## Phylogenetic models in R

### 1. Introduction and resources

This practical should be a refresher on linear models in `R`, before introducing you to a phylogentic least squares model, or a PGLS. Because species that are closely related often share similar traits, this means we can't treat them as statistically independent. However, if we look at how the traits are spread throughout the tree, we can 'control' for this non-independance. 
We'll go into more detail when we run our PGLS. 

### 2. Linear models

For this pratical we'll be working data from the family Anatidae (ducks) to investigate Bergmann’s rule, if there is a relationship between latitude and body mass. 
First, we'll load in the data and inspect it:

In [None]:
dir.create("My Git Repo")
git2r::clone("https://github.com/Syrph/BCB_Practicals", "My Git Repo")
setwd("My Git Repo")
system("sudo apt-get install libgdal-dev libproj-dev libgeos-dev libudunits2-dev libv8-dev libprotobuf-dev libjq-dev")
source("install.R")

In [None]:
# Load the duck latitudinal and bodymass data
duck_data <- read.csv("duck_data.csv",h=T) 

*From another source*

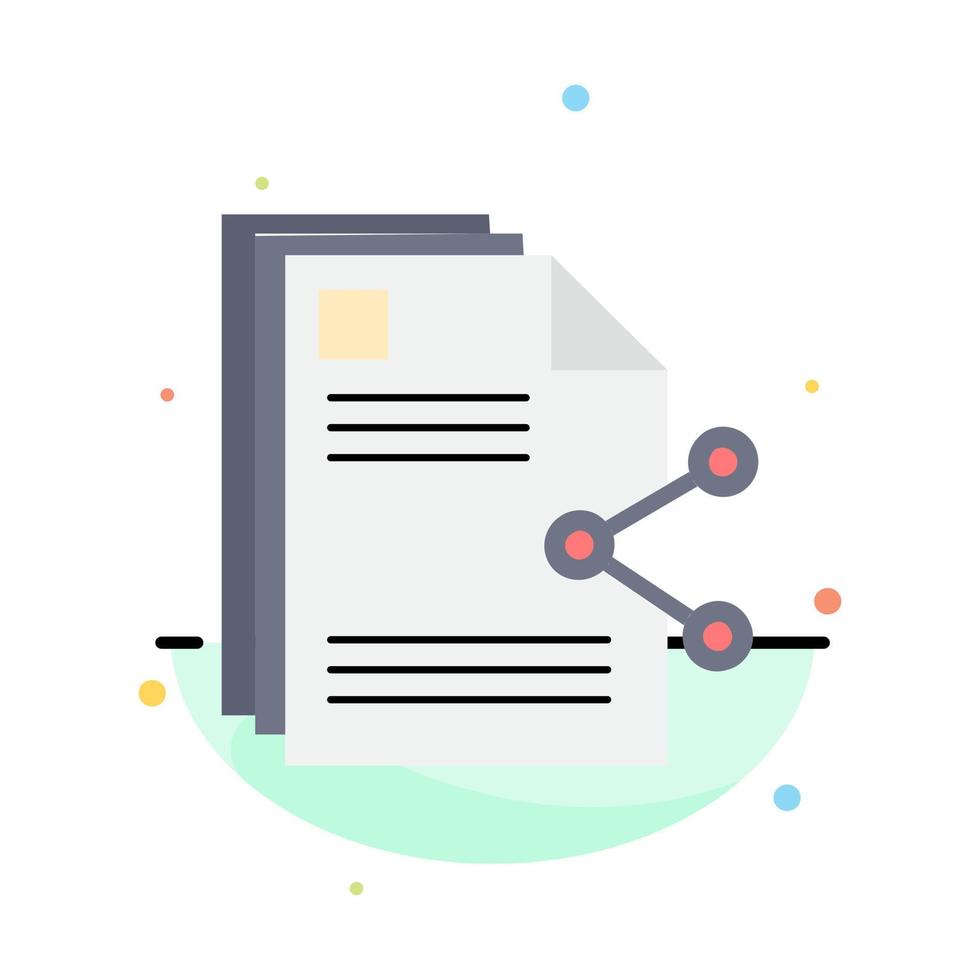 partage de fichiers de contenu partager le vecteur d'icône de couleur plate de document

# Check it's been imported
str(duck_data)
head(duck_data)

# Remove any NAs in the data (make sure to check you're not loosing too much data!)
duck_data <- na.omit(duck_data)

The midpoint latitude is the center of the distribution of each species. Because we're interested in the distance from equator, we'll use the `abs()` function to convert our data.

In [None]:
duck_data$abs_latitude <- abs(duck_data$Latitude)

We'll start by looking at the relationship between body mass and latitude using a scatterplot.

In [None]:
plot(Body_Mass ~ abs_latitude, data = duck_data)

Now there doesn't seem to be much of a relationship at all from our plot. However, to double check we should look at the spread of data for both variables. In particular, body mass is often scaled logarithmically, with lots of small species and fewer large ones. Therefore we might not be seeing the true relationship! 

In [None]:
# We'll use a histogram to look at the spread.
hist(duck_data$Body_Mass)

As we suspected! The histogram suggests a log-normal distribution. If we take logs we might see a more normal distribution.

In [None]:
duck_data$log_BM <- log(duck_data$Body_Mass)
hist(duck_data$log_BM)

Now we've got some data that resembles a more normal distribution! We'll now look at the spread of latitude.

In [None]:
hist(duck_data$abs_latitude)

Not great, but no obvious signs of left or right skews in the data, so we can work with it. We'll leave it as it is.
Let's look at the new relationship between the two variables:

In [None]:
plot(log_BM ~ abs_latitude, data = duck_data)

Now we're starting to see some kind of relationship! There's a lot of spread to the points, but we can see the smallest species at the lowest latitudes, and the largest at the highest. To really find out if there's a relationship we can test our hypothesis with a linear model. 

In [None]:
# Run a basic linear model. We separate our dependant variables from predictors using a tilda ~
duck_model <- lm(log_BM ~ abs_latitude, data = duck_data)

# Inspect our linear model
summary(duck_model)

Now we can investigate if there is a relationship. There's quite a lot going on with our output, but for this practical we'll focus on just a few main things:

`Coefficients`: This tells us about our predictors in the model. In this one there's 2, the intercept, and latitude.  We'll break each section down further.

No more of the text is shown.